Thankfully, and I really mean thankfully, a bright light was shining along my path and I found myself in two meetings in two days and encountered hope in two individuals. One is a Filipino inventor, Tuks Lavarias, who developed what can be a miracle oil because several cancer patients swear by it. Made available as a supplement because it can never get an FDA certificate as having therapeutic value, it nevertheless has done more for those with cancer who have used and are using it than officially labeled medicine – if one can afford to buy them. One patient is a personal friend and I am happily monitoring his almost instant and now steady improvement back to normalcy.

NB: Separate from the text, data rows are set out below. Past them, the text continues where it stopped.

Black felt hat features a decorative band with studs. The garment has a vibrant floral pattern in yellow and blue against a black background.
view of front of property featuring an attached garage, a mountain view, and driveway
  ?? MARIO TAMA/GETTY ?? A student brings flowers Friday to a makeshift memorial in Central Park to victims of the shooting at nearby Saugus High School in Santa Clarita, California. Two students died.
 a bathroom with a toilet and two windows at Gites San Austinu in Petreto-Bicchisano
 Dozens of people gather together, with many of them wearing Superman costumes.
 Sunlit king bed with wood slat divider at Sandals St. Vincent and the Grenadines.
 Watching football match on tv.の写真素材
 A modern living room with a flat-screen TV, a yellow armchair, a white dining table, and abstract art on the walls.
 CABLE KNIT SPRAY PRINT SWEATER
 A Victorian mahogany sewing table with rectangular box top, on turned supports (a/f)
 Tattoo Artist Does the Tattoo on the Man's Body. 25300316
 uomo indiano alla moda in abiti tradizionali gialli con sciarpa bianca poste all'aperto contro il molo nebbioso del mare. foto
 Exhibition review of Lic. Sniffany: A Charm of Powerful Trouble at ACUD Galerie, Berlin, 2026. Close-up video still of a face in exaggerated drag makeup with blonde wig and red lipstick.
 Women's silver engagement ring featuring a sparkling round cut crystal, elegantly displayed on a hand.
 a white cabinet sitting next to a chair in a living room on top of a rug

The other is a visiting Belgian professor and therapist, Marina Riemslagh, whose expertise is in empowering affected individuals to recognize, understand and address their stress. Stress is the driver of conflict, escapism, and illness. As they say, stress kills. It can also cause addiction to anything that delivers momentary pleasure or relief from stress. Marina is proving through her students, and all the more through her patients, that the highest power is love and there is a methodology that uses love to resolve disturbing issues and strained relationships in record time. Her set of experiences and knowledge make a strong foundation in teaching those involved in drug rehabilitation how to more quickly and effectively cure the addiction.
So, after all, it was not all so negative for me. Except I had to get lucky in knowing about cures and the personalities who are making the cures available while negativity simply envelops everybody without them asking for it. I am sure that the creativity of the human mind and spirit will ultimately discover powerful solutions to perennial problems. Tuks Lavarias and Marina Riemslagh must only be two of many more who are being guided by life itself to what will be mainstream answers to current massive problems. There were long periods of time when civilization was terrorized by smallpox, chicken pox, polio, rabies, and measles among others. But the Tuks Lavariases and Marina Riemslaghs of yesteryears fought their way from impossibility then to actualized reality today.
This is my hope for poverty and corruption, too. They are impossible to eradicate today but so were many major diseases then. There is a spirit in humanity that strives for the sun and the heavens. From one generation to another, that spirit has always expressed itself, sometimes subtly, sometimes aggressively, but it was never in paralysis. No matter how bad it can get, or powerful what is bad can get, it eventually collapses to give way to some good that wants to take its place. That is why idealism moves from generation to generation, hardly taught, many times discouraged, but every generation has it and tries to live it. When one generation fails, another follows still with idealism in it and tries to pick up where the previous one left off.
In the midst of the incessant noise and strife, we must believe that something better is just around the corner. Against the tide, if it has to be, we must seek that which promotes peace and raises the common good to society’s priority value. No matter how dark and difficult, enough of us must see the beauty of nobility and never, never give up.